(Caption-style text data)
+ + + +

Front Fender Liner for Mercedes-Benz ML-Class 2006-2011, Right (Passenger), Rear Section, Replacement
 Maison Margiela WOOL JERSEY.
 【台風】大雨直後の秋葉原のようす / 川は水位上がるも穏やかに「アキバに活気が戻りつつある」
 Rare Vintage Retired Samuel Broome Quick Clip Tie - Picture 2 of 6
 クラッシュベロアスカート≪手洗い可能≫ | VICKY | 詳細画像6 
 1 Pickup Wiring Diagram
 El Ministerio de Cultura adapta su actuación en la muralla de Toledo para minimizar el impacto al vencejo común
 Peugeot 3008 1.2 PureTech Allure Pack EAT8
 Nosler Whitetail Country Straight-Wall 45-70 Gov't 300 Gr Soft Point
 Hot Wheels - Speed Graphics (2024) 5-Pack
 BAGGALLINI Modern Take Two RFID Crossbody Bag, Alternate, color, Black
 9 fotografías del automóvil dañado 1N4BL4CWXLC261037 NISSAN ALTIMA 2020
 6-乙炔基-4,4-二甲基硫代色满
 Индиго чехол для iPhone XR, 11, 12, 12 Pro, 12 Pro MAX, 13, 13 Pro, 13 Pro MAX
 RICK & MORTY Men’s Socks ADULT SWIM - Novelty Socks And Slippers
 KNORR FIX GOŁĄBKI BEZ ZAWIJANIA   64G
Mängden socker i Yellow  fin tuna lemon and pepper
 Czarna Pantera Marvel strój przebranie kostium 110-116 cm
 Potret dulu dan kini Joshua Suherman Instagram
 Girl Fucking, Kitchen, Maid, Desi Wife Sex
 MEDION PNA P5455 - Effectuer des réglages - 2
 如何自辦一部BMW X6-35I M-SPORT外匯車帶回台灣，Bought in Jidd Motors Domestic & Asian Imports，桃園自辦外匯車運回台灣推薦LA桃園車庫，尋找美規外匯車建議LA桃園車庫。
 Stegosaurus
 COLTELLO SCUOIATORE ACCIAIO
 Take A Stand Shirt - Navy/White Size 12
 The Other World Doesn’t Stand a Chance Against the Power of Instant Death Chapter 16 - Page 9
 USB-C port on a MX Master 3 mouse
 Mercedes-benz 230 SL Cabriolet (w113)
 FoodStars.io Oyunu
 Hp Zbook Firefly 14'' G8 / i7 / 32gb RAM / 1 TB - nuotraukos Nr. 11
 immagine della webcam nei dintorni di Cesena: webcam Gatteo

+ + + +

TASK BRIEF:
Lines holding the word "Take" should be copied from the entries above.

ANSWER TO THE EXERCISE:
 BAGGALLINI Modern Take Two RFID Crossbody Bag, Alternate, color, Black
 Take A Stand Shirt - Navy/White Size 12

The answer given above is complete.